La réalisation de ce récit de vie
illustré a surpris bien du monde là-bas et
émerveillé un professeur de
l'Université Concordia à qui j'ai
présenté mes affiches lors de ma demande
d'admission au programme d'andragogie (Adult Education).
Dans l'un de ses cours, elle m'a autorisé à me
servir de mon expérience de jumelage linguistique, et
de mes affiches, pour en dégager des principes
éducatifs et réaliser une présentation
orale.
Depuis Ottawa, j'ai
constamment employé des médias pour animer mes
présentations: j'ai réalisé des
acétates à rabats, des diaporamas, des
vidéos, ainsi que des dépliants en provenance
entre autres d'ambassades et de consulats. J'ai aussi
employé l'ordinateur pour réaliser des dessins
et mes acétates.
Faut-il se surprendre alors
que je marie technologie, modélisation
systémique et récit de vie en vue de la
réalisation de mon modèle dans ma recherche
actuelle? Faut-il se surprendre aussi de l'importance que
j'accorde aux activités parascolaires en institution
et à l'extérieur de celle-ci, au récit
de vie? Le projet de mon séminaire de synthèse
en Communication portait sur la communication
éducative et surtout sur le rôle de
l'autodidaxie en apprentissage. J'avais alors
réalisé un modèle théorique pour
illustrer ma vision de ce phénomène, un
modèle qui illustrait principalement mon
interprétation de concepts théoriques et non
des principes issus de récit de vie. Cela se passait
avant la mort de mes deux premiers enfants et mon divorce
à une époque; où, de l'avis de mon
frère, mon écriture était plus
conceptuelle, mais beaucoup moins humaine.
* * * *
*
Après
être passé d'Ottawa à Québec, je
me suis dirigé vers Montréal où
j'uvre auprès d'immigrants depuis près
d'une dizaine d'années maintenant. Les
épisodes de ma vie où j'ai établi des
relations avec les " miens " sont peu nombreux et, la
plupart du temps, désagréables. Je me sentais
différent des membres de ma famille; mes pairs se
moquaient de moi ou me chassaient de leur groupe; alors que
pendant ce temps là l'étranger, lui, m'avait
ouvert les bras. De fait, mon frère habitait
Montréal depuis quelques années avant moi.

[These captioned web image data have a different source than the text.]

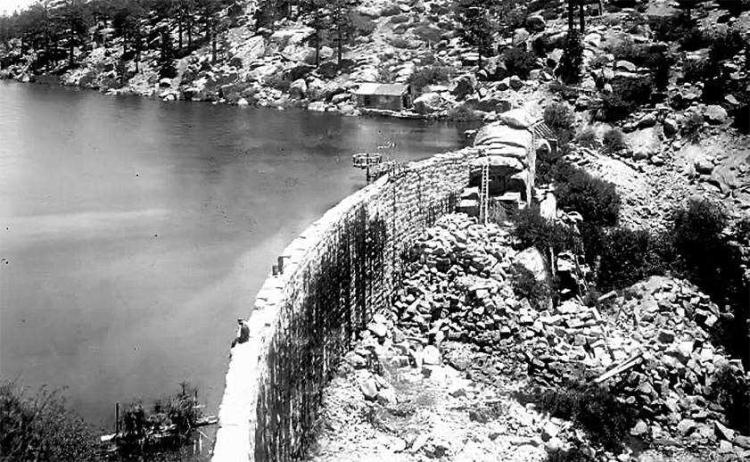 Ein Mann sitzt auf der Kante des ersten, steinernen Big Bear Lake-Damms mit Blick auf den Big Bear Lake vor 1911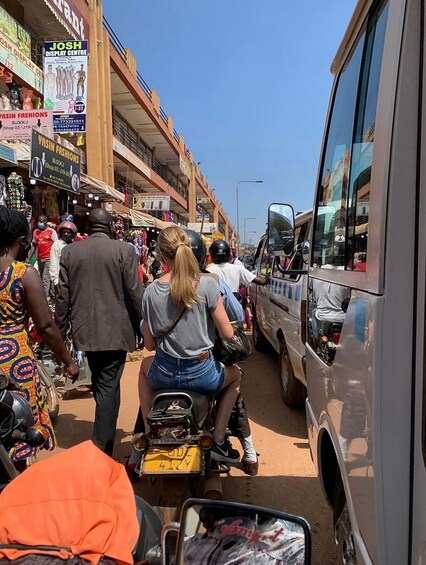A busy street with pedestrians, motorcycles, and a bus. 2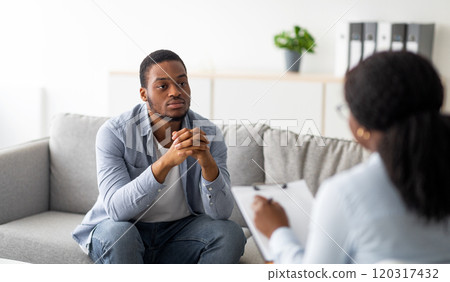 Psychological help service. Depressed black male patient having psychotherapy session with counselor at mental health clinic. Young man with emotional problems consulting professional therapist Psychological help service. Depressed black male patient having psychotherapy session with counselor at mental health clinic. Young man with emotional problems consulting professional therapist 120317432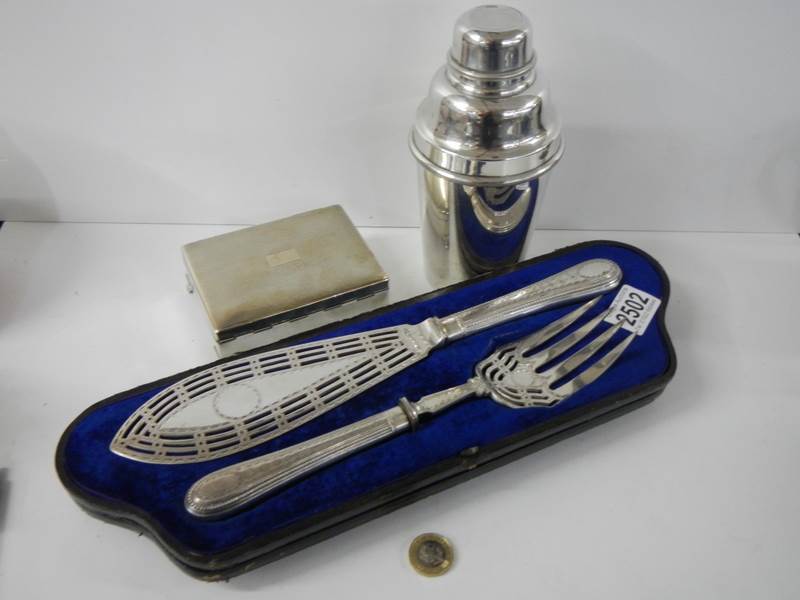 A superb quality pair of silver plate fish servers, a cocktail shaker and a cigarette box.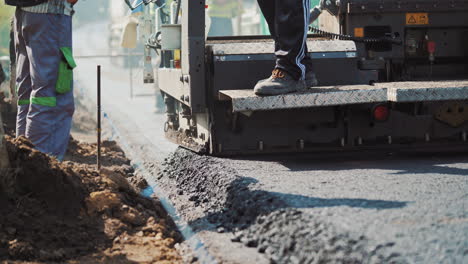Asphalt paver machine laying hot asphalt to the road and workers control. Spillage of asphalt on the highway. Fresh asphalt resurfacing the street. New service of technology asphalting.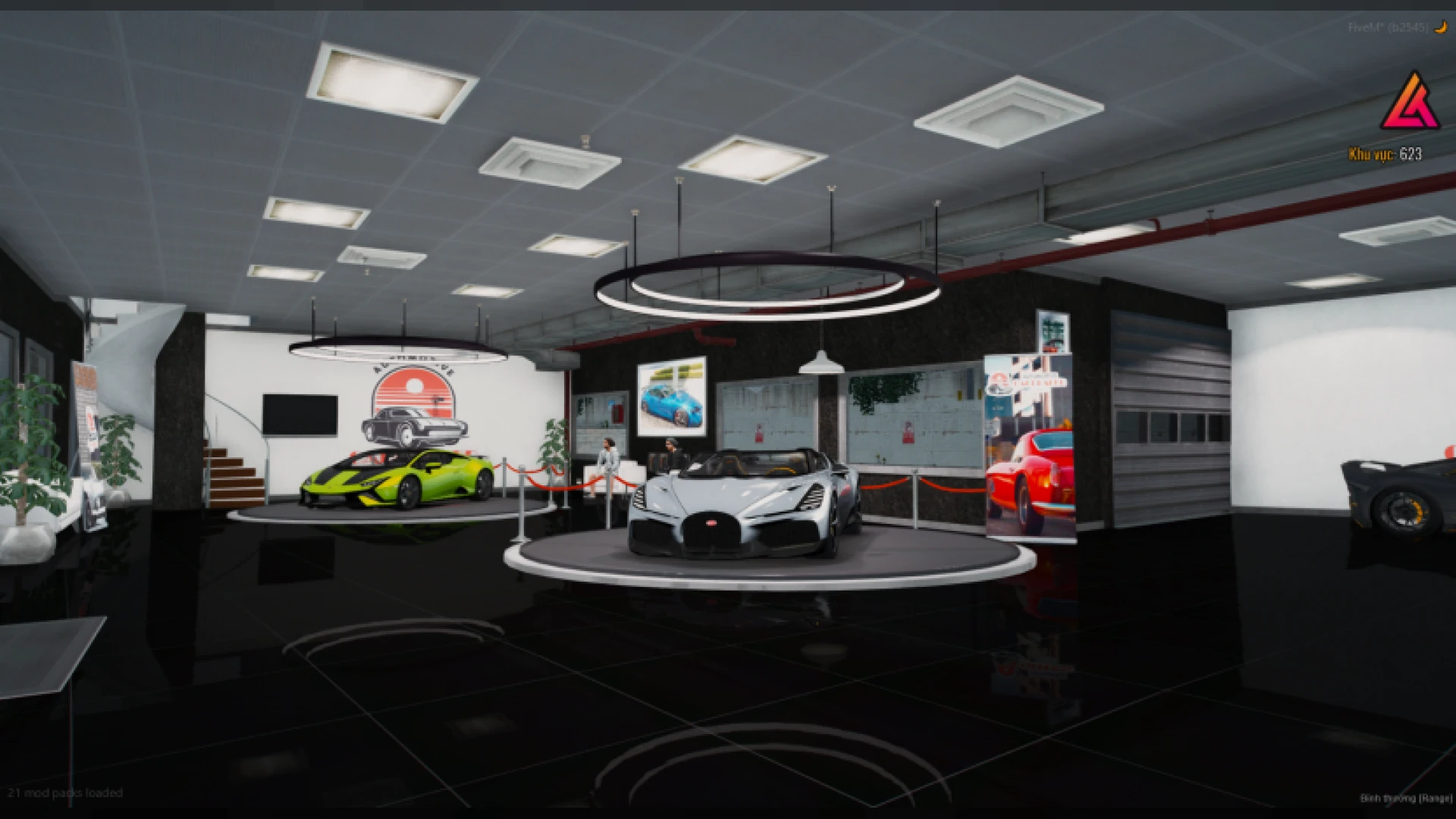 Car dealer mlo showroom floor with display bays and a reception desk — view 2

J'ai été ébahi lorsqu'il m'a
montré l'aspect cosmopolite de la ville. J'avais
l'impression qu'il s'agissait d'un microcosme
planétaire. C'est alors que j'ai décidé
de m'établir ici.
Deuxième
série de questions pour la construction du
modèle
-
Peut on être
à la fois " né " dans un univers
multiculturel et être un " représentant " de
la société d'accueil pour les nouveaux
arrivants? Cette question me semble d'autant plus
pertinente que pour plusieurs de mes étudiants, je
constitue le premier vrai lien avec un
Québécois.
-
Les " transferts "
d'apprentissage m'aident ils à mieux encaisser ce
que je ne comprenais pas, à apprendre du nouveau?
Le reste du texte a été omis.